26. A method according to claim 25, wherein the valve control times of the
intake valves of the cylinders which supply the exhaust gas recirculation
device are retarded.
27. A method according to claim 25, wherein the recirculated exhaust gas is
divided differently among the individual cylinders of the internal
combustion engine, with a partial number of cylinders of the internal
combustion engine receiving the largest amount or the total amount of the
recirculated exhaust gas and the remaining cylinders receiving the
smallest amount or none at all of the recirculated exhaust gas.
28. A method according to claim 27, wherein the cylinders which do not
supply the exhaust gas recirculation device receive the largest amount of
the recirculated exhaust gas or the total amount, and the cylinders
supplying the exhaust gas recirculation device receive the smallest amount
of recirculated exhaust gas or none at all.
29. A method according to claim 25, wherein the internal combustion engine
is designed in the form of a series design having four or six cylinders
whereby a partial number of the cylinders that do not supply the exhaust
gas recirculation device amounts to at least half of the total number of
the cylinders of the internal combustion engine.
30. A method according to claim 25, wherein an exhaust gas recirculation
valve in the form of a throttle valve is provided in the exhaust gas
recirculation line.
Description
BACKGROUND AND SUMMARY OF THE INVENTION
The invention relates to an internal combustion engine with an exhaust gas
turbocharger and an exhaust gas recirculation device. Preferred
embodiments of the invention relate to an internal combustion engine
having an exhaust gas turbocharger and an exhaust gas recirculation
device, whereby the internal combustion engine has a plurality of
cylinders and each cylinder of the internal combustion engine has at least
one intake valve and at least one outlet valve, and a compressor of the
exhaust gas turbocharger is assigned to an inlet and an asymmetrical
exhaust gas turbine of the exhaust gas turbocharger is assigned to an
outlet of the internal combustion engine, the compressor is connected to
the inlet via a charge air line, the exhaust gas turbine has two intake
ports with different flow cross sections which are separated from one
another by means of a partition and each inflow channel is connected to
the outlet through its own exhaust gas inlet line whereby each exhaust gas
inlet line is assigned a partial number of cylinders of the internal
combustion engine and an exhaust gas recirculation line leads from the
exhaust gas inlet line of the intake port having the smaller flow cross
section to the charge air line.
There are known supercharged internal combustion engines, in particular
diesel engines, which are equipped with an exhaust gas recirculation
device to improve exhaust performance. The exhaust gas recirculation by
means of the exhaust gas recirculation device serves in particular to
reduce NOx emissions. These internal combustion engines have an exhaust
gas turbocharger whose compressor is assigned to an inlet and whose
exhaust gas turbine is assigned to an outlet of the internal combustion
engine. The exhaust gas turbine and the outlet are connected by at least
one exhaust gas inlet line from which an exhaust gas recirculation line of
the exhaust gas recirculation device branches off. The exhaust gas
recirculation line opens into a charge air line which connects the
compressor to the inlet. An exhaust gas recirculation valve with which the
exhaust gas recirculation is controllable is provided in the exhaust gas
recirculation line.
U.S. Pat. No. 4,179,892 (corresponding German Patent DE 28 5 687 C2)
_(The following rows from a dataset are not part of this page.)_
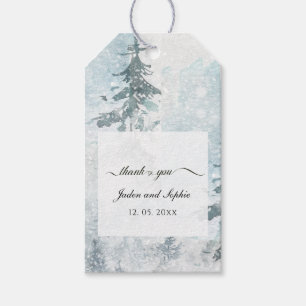 Etiquetas Para Regalos Watercolor Pines Mountain Rustic Boda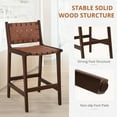 thumbnail image 7 of Dycanpo 24” Bar Stools Set of 2, Faux Leather Woven for Home Kitchen, Dark Brown, 7 of 7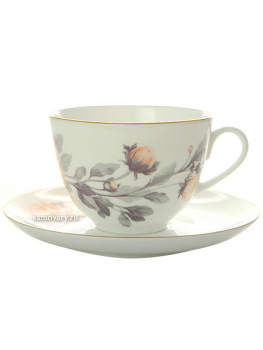 Чашка с блюдцем чайная форма "Весенняя-2", рисунок "Нежный пион" серый, Императорский фарфоровый завод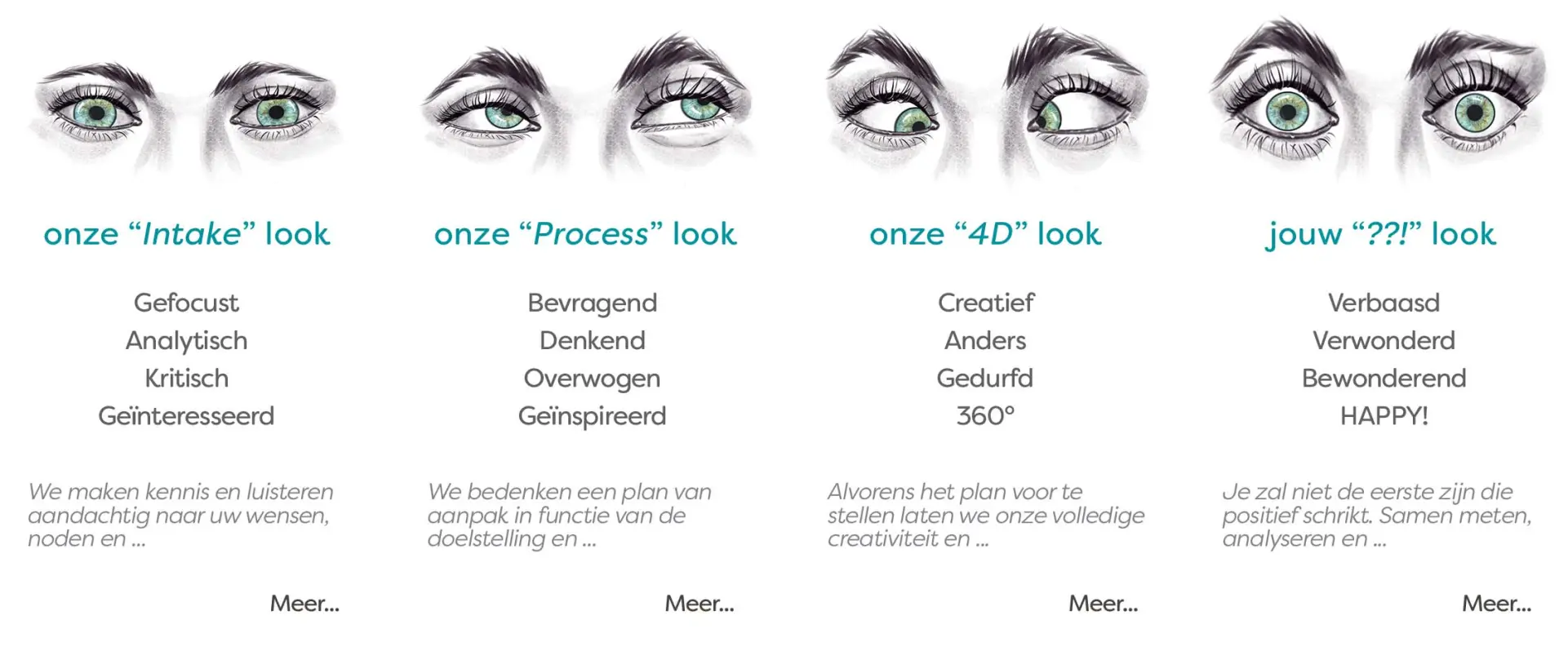 Onze aanpak : wij bekijken je bedrijf door verschillende blikken om de juiste aanpak te garanderen. 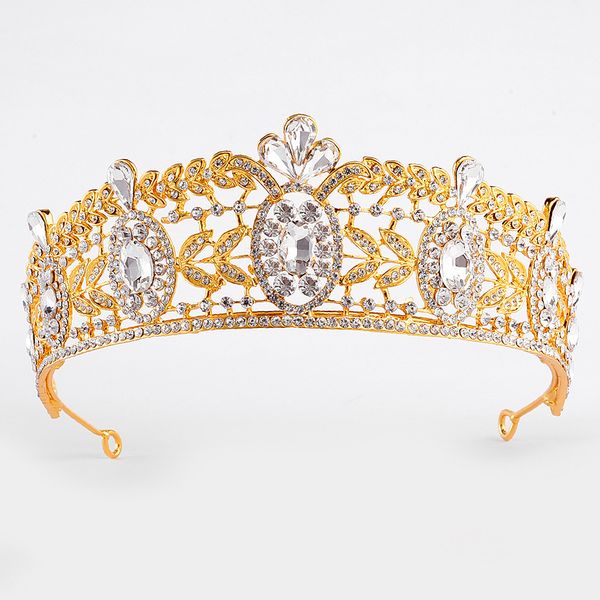 

wedding party 16x5cm tiaras beaded flower leaf headwear of bride crown diamond headwear for bride acting initiation graduation zg-13, White;golden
describes an internal combustion engine in which the exhaust gas turbine
has two separate intake ports (referred to as scroll channels in this
publication) and an exhaust gas inlet line (referred to in the publication
as an exhaust gas line) is assigned to each intake port. The exhaust gas
inlet lines connect the intake ports to the outlet of the internal
combustion engine. Each exhaust gas inlet line is connected separately
from the others to a partial number of cylinders of the internal
combustion engine. The intake ports have different flow cross sections.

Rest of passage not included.